After leaving the farm, the family lives briefly in a Hooverville, one of many tent cities that emerged around larger cities for the migrant workers. They move into company housing to pick peaches and after leaving the exploitation of corporate agriculture they find themselves alone in a boxcar, then an abandoned farm where they are invisible. This is painfully close to how Indigenous people vanished: outside cities, into reservations, then the invisiblity of allotment and dispersal. We vanish, they vanish. America rolls on.

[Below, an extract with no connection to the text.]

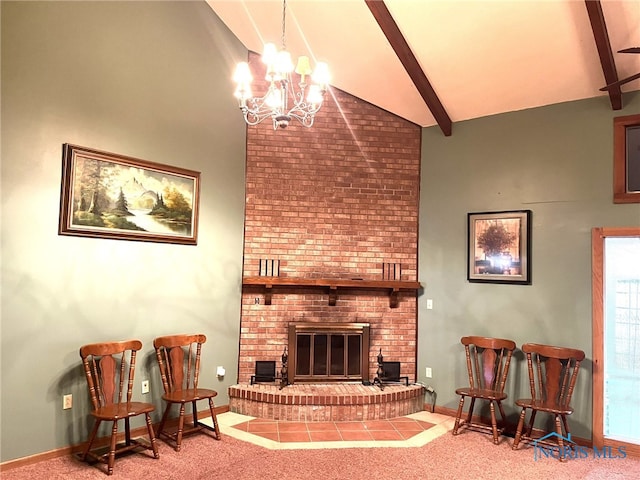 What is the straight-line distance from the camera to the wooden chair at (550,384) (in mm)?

But what about Alexie’s prophecy of a future in which we are ghosts?  Early in my podcasting career (is it really a career when you don’t get paid for it?) we spoke with Daniel Heath Justice about Indigenous futurisms, something we would also visit with Lee Francis of Red Planet Books and Indigenous Comic Con, as well as many other guests. And they asked us to look for Indigenous people in the future. Where are we? Did we survive? Did the apocalypse happen because we didn’t?

This started me looking for Indigenous people in the books I read and when I couldn’t find us in the future posited in Omar El Akkad’s book American War I tweeted at him, and he responded thoughtfully.  While I don’t take any credit for it, his second book What Strange Paradise is a Peter Pan story and there are Indians in Peter Pan, there is Indigenous presence in a story about a refugee child on an unnamed island in the Mediterranean Sea.  It is an extraordinary book and I wrote about it earlier, but be warned there’s spoilers in that essay.

Narratives matter. Injustice requires a narrative that will make it seem like justice, or maybe inevitability tinged with just enough tragedy that allows us to feel bad without requiring anything from us. The things we feel, our emotions, grow from the stories we are told. Stories tell us how to feel in different circumstances, stories tell us what is fair and what is not and who is here and who is not and why things are the way that they are. And our stories have ethical consequences we need to think about.

So in whatever narrative you find yourself, fiction or not, poetry or news media, sermons or lectures or any of the places you hear story. Listen for us. And start thinking about what isn’t in the text, which is just our entire history.